**Image-caption web data**
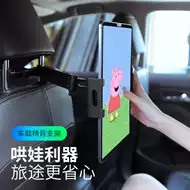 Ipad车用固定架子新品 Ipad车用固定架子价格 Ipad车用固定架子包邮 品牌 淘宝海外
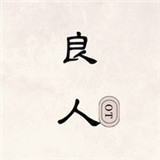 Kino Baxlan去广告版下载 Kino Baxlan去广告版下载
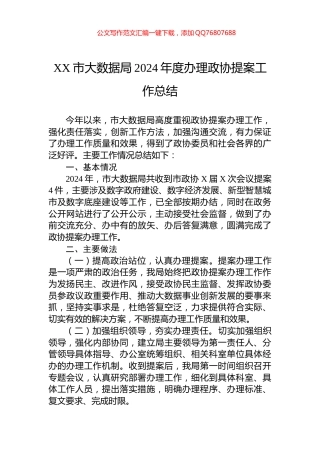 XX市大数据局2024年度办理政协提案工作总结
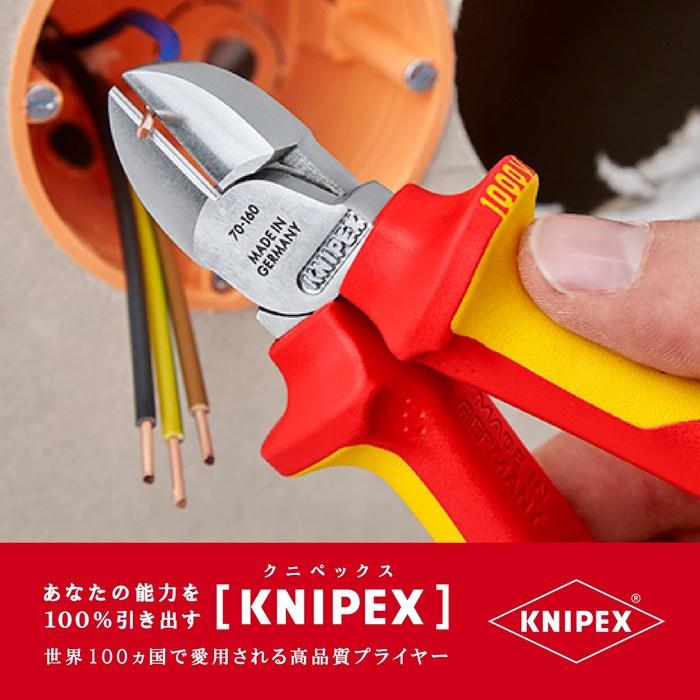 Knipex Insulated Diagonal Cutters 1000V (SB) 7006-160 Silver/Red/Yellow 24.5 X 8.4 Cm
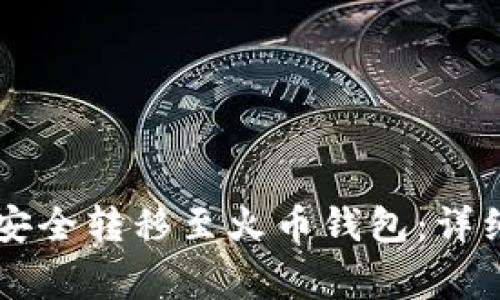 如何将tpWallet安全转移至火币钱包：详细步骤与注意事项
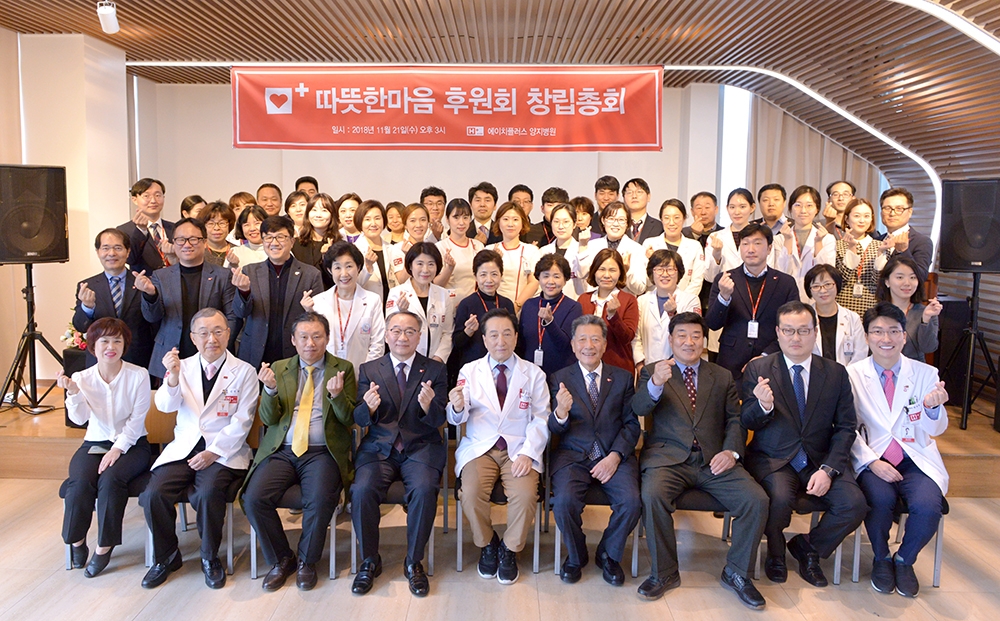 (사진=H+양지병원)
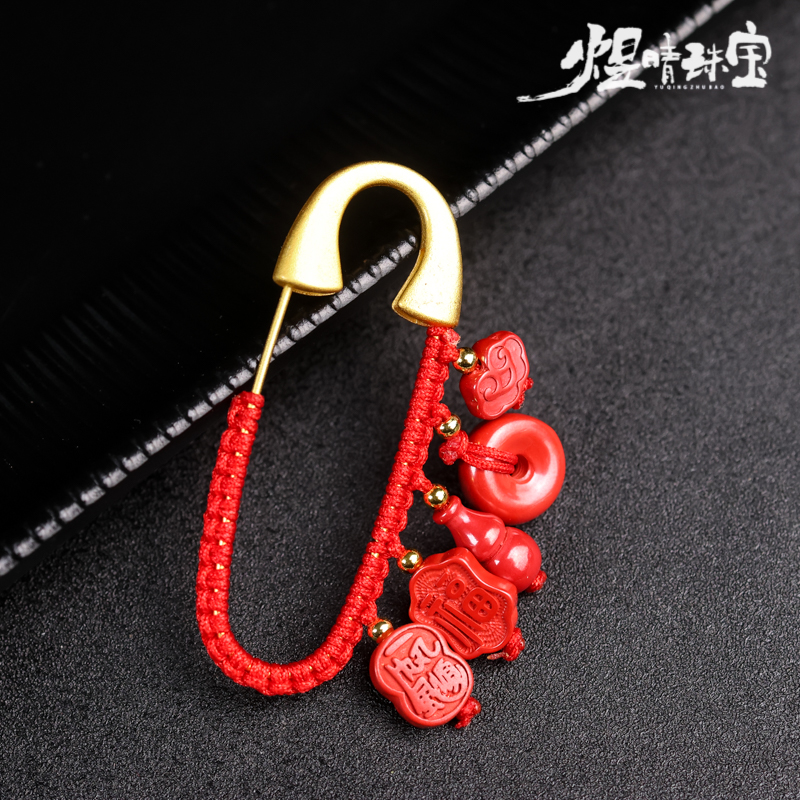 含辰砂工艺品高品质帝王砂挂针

**The problem**
Emit an exact copy of the lines from the line bearing "XX市大数据局2024年度办理政协提案工作总结" through the last line above, inclusive, and leave the images out.

**Task output**
 XX市大数据局2024年度办理政协提案工作总结
 Knipex Insulated Diagonal Cutters 1000V (SB) 7006-160 Silver/Red/Yellow 24.5 X 8.4 Cm
 如何将tpWallet安全转移至火币钱包：详细步骤与注意事项
 (사진=H+양지병원)
 含辰砂工艺品高品质帝王砂挂针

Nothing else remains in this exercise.